Figure 4. Growth‐lag model uses the tradeoff between Aci2’s fast growth and Pa’s short lag to explain two‐resource coexistence.

Figure 4

  1. The competition model is an extension of the monoculture model. (i) Species have the same growth, lags, and resource consumption as in monocultures, but now compete for the same resource pool. (ii) After saturation, population sizes are divided by the dilution factor (104 in this figure) and resource concentrations are reset to the supply concentrations. (Modeling details in Materials and Methods.)
  2. With parameters matching those used experimentally in Fig 1C, the growth‐lag model predicts coexistence of Aci2 and Pa on alanine and glutamate, as observed in competition experiments.

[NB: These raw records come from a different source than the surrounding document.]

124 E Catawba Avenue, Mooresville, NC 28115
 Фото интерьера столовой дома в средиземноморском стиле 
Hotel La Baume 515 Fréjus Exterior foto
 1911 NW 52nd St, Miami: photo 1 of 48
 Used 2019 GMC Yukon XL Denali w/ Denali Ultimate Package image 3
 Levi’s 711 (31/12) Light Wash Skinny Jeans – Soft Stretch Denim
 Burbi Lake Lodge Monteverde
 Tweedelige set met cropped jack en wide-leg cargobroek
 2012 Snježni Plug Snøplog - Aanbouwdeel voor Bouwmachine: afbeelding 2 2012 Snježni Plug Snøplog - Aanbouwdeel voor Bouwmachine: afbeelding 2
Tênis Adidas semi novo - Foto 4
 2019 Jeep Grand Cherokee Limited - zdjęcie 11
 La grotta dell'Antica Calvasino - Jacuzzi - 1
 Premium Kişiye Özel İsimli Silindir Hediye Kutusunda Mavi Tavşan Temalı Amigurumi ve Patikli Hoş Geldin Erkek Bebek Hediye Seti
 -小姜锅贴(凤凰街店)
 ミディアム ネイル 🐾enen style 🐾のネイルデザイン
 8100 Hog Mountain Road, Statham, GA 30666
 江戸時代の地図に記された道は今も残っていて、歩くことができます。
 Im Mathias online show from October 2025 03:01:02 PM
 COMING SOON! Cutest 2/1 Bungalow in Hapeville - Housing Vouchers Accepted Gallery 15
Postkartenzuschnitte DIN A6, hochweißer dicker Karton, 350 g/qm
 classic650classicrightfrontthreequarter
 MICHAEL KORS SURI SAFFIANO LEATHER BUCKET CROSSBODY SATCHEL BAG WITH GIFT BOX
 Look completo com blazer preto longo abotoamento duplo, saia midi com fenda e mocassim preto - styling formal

  3. Model prediction of growth rates and population sizes over the course of 1 day after the 1:1 alanine:glutamate co‐culture has reached steady state. Pa starts the day with a population fraction of 0.42, declines to a population fraction of 0.07 at alanine depletion, and recovers to a population fraction of 0.42 by the time glutamate is depleted.
  4. The alanine and glutamate resource depletion times vary with the (start‐of‐day) population fractions due to different resource preferences and initial growth rates.
  5. These variations modulate the relative fitness of the two strains and in doing so facilitate a negative‐frequency dependent interaction that stabilizes coexistence. Relative Fitness of Pa is calculated as its fold growth over the course of a day divided by Aci2’s fold growth (Materials and Methods), and shown as a function of its population fraction at the start of the day.
  6. The model predicts the competitive outcome will depend on the resource supply fractions with exclusion occurring as the supply approaches entirely alanine or entirely glutamate.